By Prof. John Harbeson
That post-Cold War democratisation has peaked in Africa since about 2005 and has been stalled or even retreating in the succeeding decade has been observed so frequently that one may reasonably ask if partial democracy is now the new normal in the region and perhaps elsewhere as well. For example, a recent essay in an influential US publication suggested that democracy only needs to be “good enough,” implying that the aspiration to full democracy prevalent not so long ago has become unrealistic, if indeed if it was ever realistically unattainable.
Perhaps for that reason, studies of contemporary democratisation so prevalent only a few years ago have seemed to be largely supplanted by studies focused on resilient authoritarian rule. Others have implicitly cast democracy no longer as the wave of the future as it seemed to be in the first post-Cold War decade of the 1990s, but bogged down in an uphill struggle to survive and overcome tenacious authoritarian rule much as was the case in the preceding decades of the 1970s and 1980s. Indeed, it now appears that the immediate post-Cold War decade of the 1990s was a unique halcyon, not-to-be repeated era when democratisation momentum was dominant globally, when competing narratives were relatively muted, weak, and on the defensive.

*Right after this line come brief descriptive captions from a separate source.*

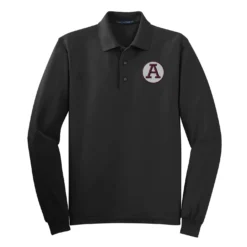 Abbeville A Embroidered Adult Long Sleeve Polo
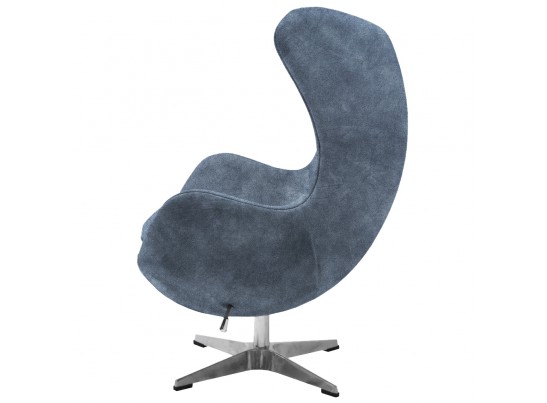 Кресло EGG STYLE CHAIR тёмно-серый, искусственная замша в Каменске-Уральском
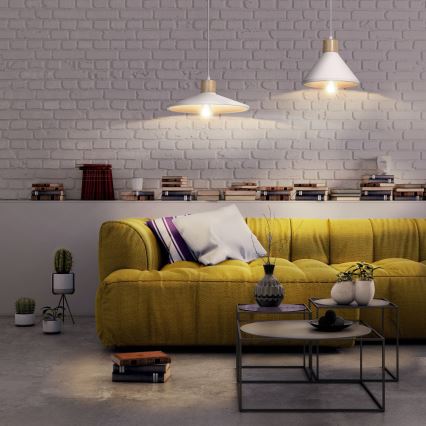 Ledvance - Lampadario a sospensione con filo DECOR PLASTER 1xE27/25W/230V diametro 32 cm gesso bianco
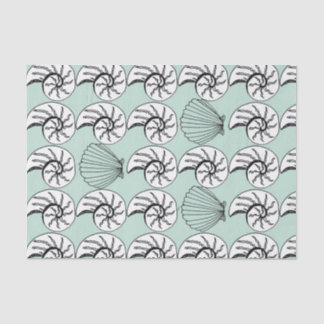 Shell Nautilus Scallop Nautical Beach Tissue Paper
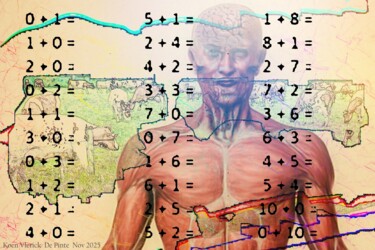 Arts numériques intitulée "thinker penseur" par Koen Vlerick, Œuvre d'art originale, Travail numérique 2D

By contrast, a newly released book by three internationally prominent students and advocates of democratisation, entitled “Authoritarianism Goes Global”, asserts that the world’s autocrats have not only managed to survive within nascent democracies, as many have observed, but are determinedly seeking to counter democratisation. The authors write that autocrats seek not only to weaken democracy within individual countries, of which there is considerable evidence within Africa, but to weaken international regimes dedicated to democracy and the rule of law such as the Organization of American States and the Organisation for Security and Cooperation in Europe. They observe that autocrats have set out to create international institutions of their own to buttress undemocratic rule citing, inter alia, the Eurasian Economic Union, the Shanghai Cooperation Organization, and the Gulf Cooperation Council.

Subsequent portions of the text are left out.